**Your objective**
Would you copy exactly the lines in the data below from the one that has "Exit signs shall" through the one that has "The 2013 BMW", dropping any pictures?

**Data provided**
-*-*-

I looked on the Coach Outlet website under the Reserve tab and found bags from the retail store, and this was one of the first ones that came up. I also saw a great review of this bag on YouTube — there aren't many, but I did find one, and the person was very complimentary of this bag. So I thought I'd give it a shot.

-*-*-

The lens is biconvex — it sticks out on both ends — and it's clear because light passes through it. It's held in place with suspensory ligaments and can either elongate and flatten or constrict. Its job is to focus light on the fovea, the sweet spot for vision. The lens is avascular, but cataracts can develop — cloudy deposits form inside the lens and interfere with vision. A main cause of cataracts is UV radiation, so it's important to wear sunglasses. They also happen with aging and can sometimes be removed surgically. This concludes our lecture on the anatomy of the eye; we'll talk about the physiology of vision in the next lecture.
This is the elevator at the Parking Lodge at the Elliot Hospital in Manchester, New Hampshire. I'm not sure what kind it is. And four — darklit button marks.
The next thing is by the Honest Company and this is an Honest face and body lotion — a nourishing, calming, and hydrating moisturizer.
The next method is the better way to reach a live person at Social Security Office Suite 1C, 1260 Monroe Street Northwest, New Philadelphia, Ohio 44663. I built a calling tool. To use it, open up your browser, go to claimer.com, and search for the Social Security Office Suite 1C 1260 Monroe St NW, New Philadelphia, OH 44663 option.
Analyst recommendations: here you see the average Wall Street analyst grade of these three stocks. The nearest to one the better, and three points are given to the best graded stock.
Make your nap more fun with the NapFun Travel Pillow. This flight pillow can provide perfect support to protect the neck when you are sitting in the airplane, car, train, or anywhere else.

-*-*-

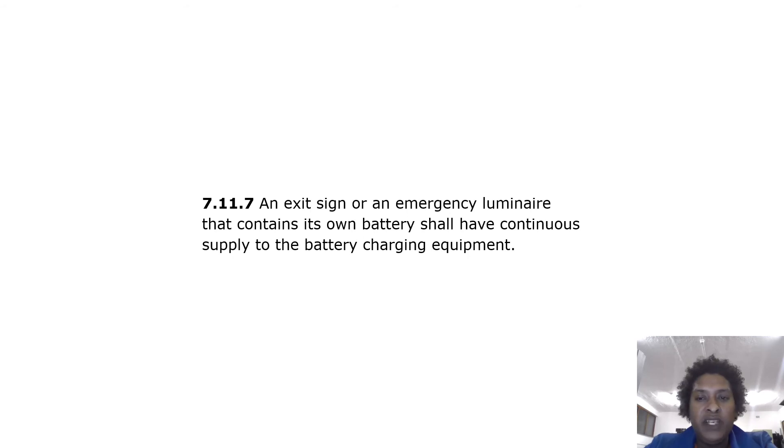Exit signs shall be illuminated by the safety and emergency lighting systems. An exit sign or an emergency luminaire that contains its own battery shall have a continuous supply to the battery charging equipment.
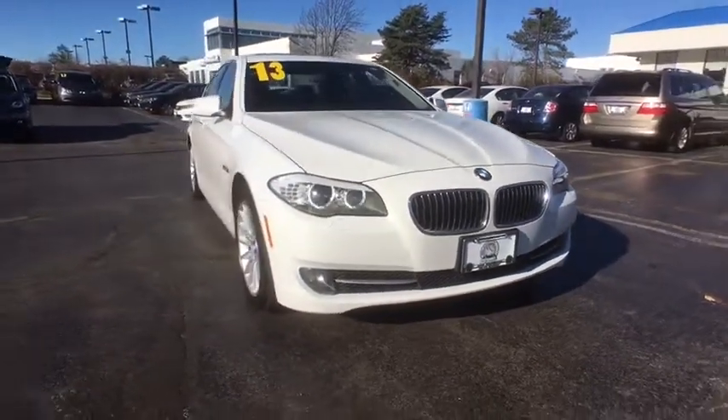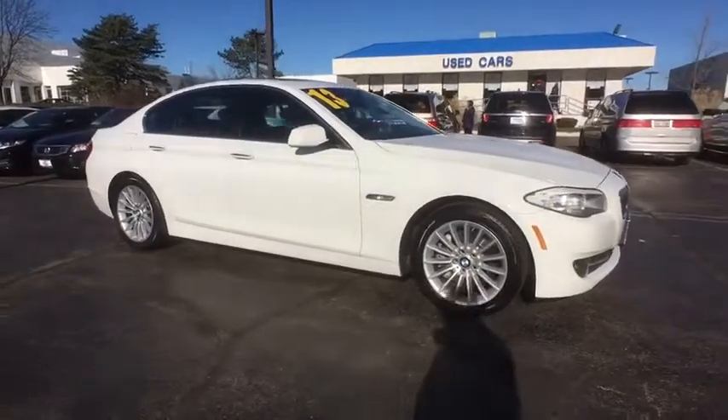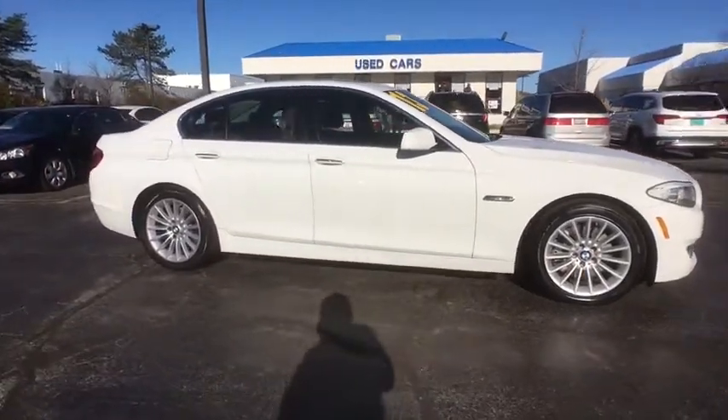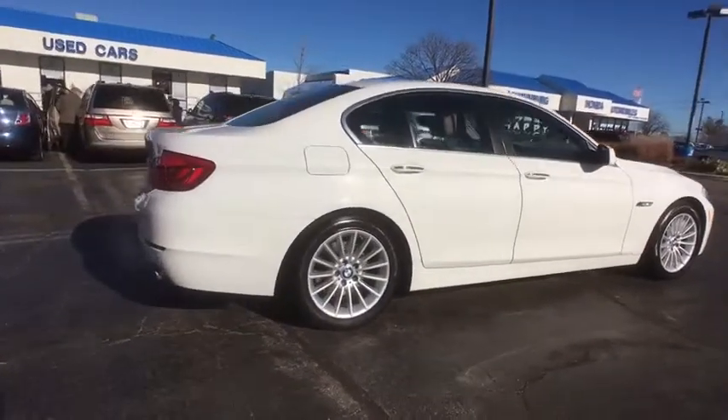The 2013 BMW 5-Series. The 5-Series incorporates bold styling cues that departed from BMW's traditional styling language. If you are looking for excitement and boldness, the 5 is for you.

-*-*-

**Task output**
Exit signs shall be illuminated by the safety and emergency lighting systems. An exit sign or an emergency luminaire that contains its own battery shall have a continuous supply to the battery charging equipment.
The 2013 BMW 5-Series. The 5-Series incorporates bold styling cues that departed from BMW's traditional styling language. If you are looking for excitement and boldness, the 5 is for you.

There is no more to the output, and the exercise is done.